Default/correct context for HTML href attributes in Sightly


I'm using Sightly and while investigating a bug in my application I noticed a behaviour I didn't expect.

Some of the links would render with ampersands in the query string escaped twice. Example:

<a href="http://www.google.com?a=1&amp;amp;b=2&amp;amp;c=3">
    link with explicit attribute context
</a>

Upon closer inspection, it turned out we had an org.apache.sling.rewriter.Transformer implementation escaping special characters in all href attributes running in AEM.

Coupled with Sightly XSS protection, this resulted in double escapes.

While investigating this further, I disabled the transformer and noticed a strange behaviour in Sightly itself.

The attribute context and the default context in href attributes don't match

Given the following three elements, I'd expect them to render the href value in the same way (with the query string escaped, consistent with W3C standards)

<a href="${'http://www.google.com?a=1&b=2&c=3'}">no explicit context, expression used</a>
<a href="http://www.google.com?a=1&b=2&c=3">no explicit context</a>
<a href="${'http://www.google.com?a=1&b=2&c=3' @ context='attribute'}">
    explicit attribute context
</a>

However, only the last one performs the escaping and I get

<a href="http://www.google.com?a=1&b=2&c=3">no explicit context, expression used</a>
<a href="http://www.google.com?a=1&b=2&c=3">no explicit context</a>
<a href="http://www.google.com?a=1&amp;amp;b=2&amp;amp;c=3">
    explicit attribute context
</a>

For some reason, the the last one, using context='attribute' (the only one that does something with the & characters) escapes the ampersands twice, yielding invalid links.

This can be achieved with arbitrary element and attribute names so I think I can safely assume this is not some rewriter kicking in.

<stargate data-custom="${'http://www.google.com?a=1&b=2&c=3' @ context='attribute'}">
    attribute context in custom tag
</stargate>

Outputs:

<stargate data-custom="http://www.google.com?a=1&amp;amp;b=2&amp;amp;c=3">
    attribute context in custom tag
</stargate>

Furthermore, the Display Context Specification gave me the impression that the context, when rendering an attribute, would be picked up automatically as attribute

To protect against cross-site scripting (XSS) vulnerabilities, Sightly automatically recognises the context within which an output string is to be displayed within the final HTML output, and escapes that string appropriately.

Is the observed behaviour here to be expected or am I looking at a potential bug in Sightly?

Which context should I be using here?
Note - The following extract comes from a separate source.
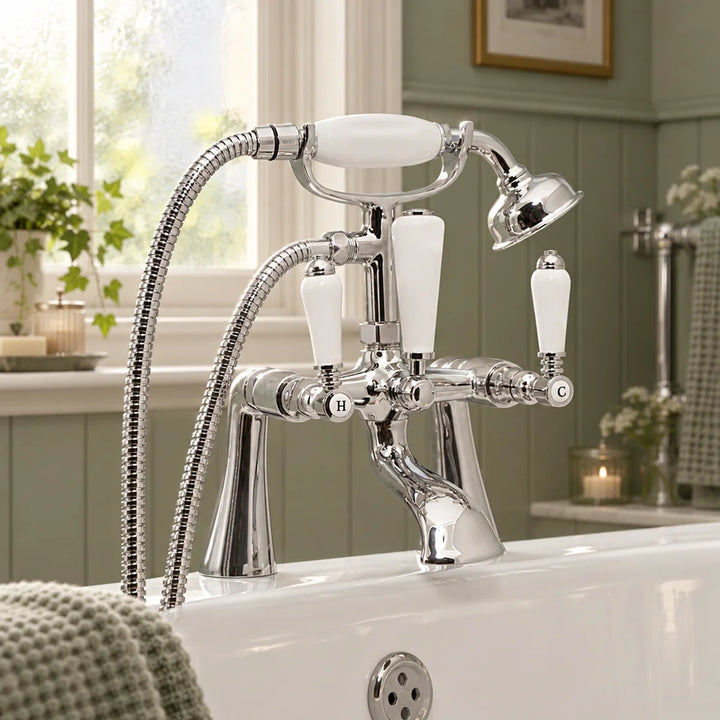 Eliseo Ricci Newbury bath shower mixer in chrome with white ceramic handles, shown on a bath in a sage green panelled bathroom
All contexts apart from attribute ignore the fact that query strings should be escaped in href. attribute on the other hand appears to be doing this twice. What's going on?
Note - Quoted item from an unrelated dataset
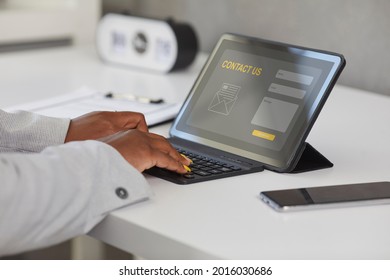 Female Customer Using Modern Tablet, Visiting Company Landing Page Website, Entering Personal Information, Leaving Message In Contact Us Form. Close Up Of Device Screen And Hands Typing On Keyboard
I'm using Adobe Granite Sightly Template Engine (compatibility)io.sightly.bundle 1.1.72

The uri context does not escape query strings in the way expected in HTML5 href attributes

I did also try using

<a href="${'http://www.google.com?a=1&b=2&c=3' @ context='uri'}">explicit uri context</a>

But it fails to escape the & chars, resulting in invalid HTML5.
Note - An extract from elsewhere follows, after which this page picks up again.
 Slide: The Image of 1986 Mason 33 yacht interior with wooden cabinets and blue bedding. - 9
<a href="http://www.google.com?a=1&b=2&c=3">explicit uri context</a>

Result of validation as HTML5:

Error Line 70, Column 35: & did not start a character reference. (& probably should have been escaped as &.)

<a href="http://www.google.com?a=1&b=2&c=3">explicit uri context</a>

The html context correctly renders links with multiple query parameters in href attributes

It seems the only context I could possibly use here at the moment is html (text escapes & twice, just like attribute)

<a href="${'http://www.google.com?a=1&b=2&c=3' @ context='html'}">explicit html context</a>

yields

<a href="http://www.google.com?a=1&amp;b=2&amp;c=3">explicit html context</a>

Changing to this context would allow me to get the right value in the href, as rendered by the browser. However, it doesn't seem to have the correct semantics.

To quote the description of the html context from the Sightly spec:

Use this in case you want to output HTML - Removes markup that may contain XSS risks


Solution

  • For src and href attributes Sightly uses the uri XSS escaping context 1, 2.

    Furthermore, the following markup is HTML5 valid using the validator from 3:

    <!DOCTYPE html>
    <html>
    <head>
        <title>Title</title>
    </head>
    <body>
        <a href="http://www.google.com?a=1&b=2&c=3">explicit uri context</a>
    </body>
    </html>
    

    Can you please point me to the spec regarding HTML 5 query strings escaping for HTML attributes?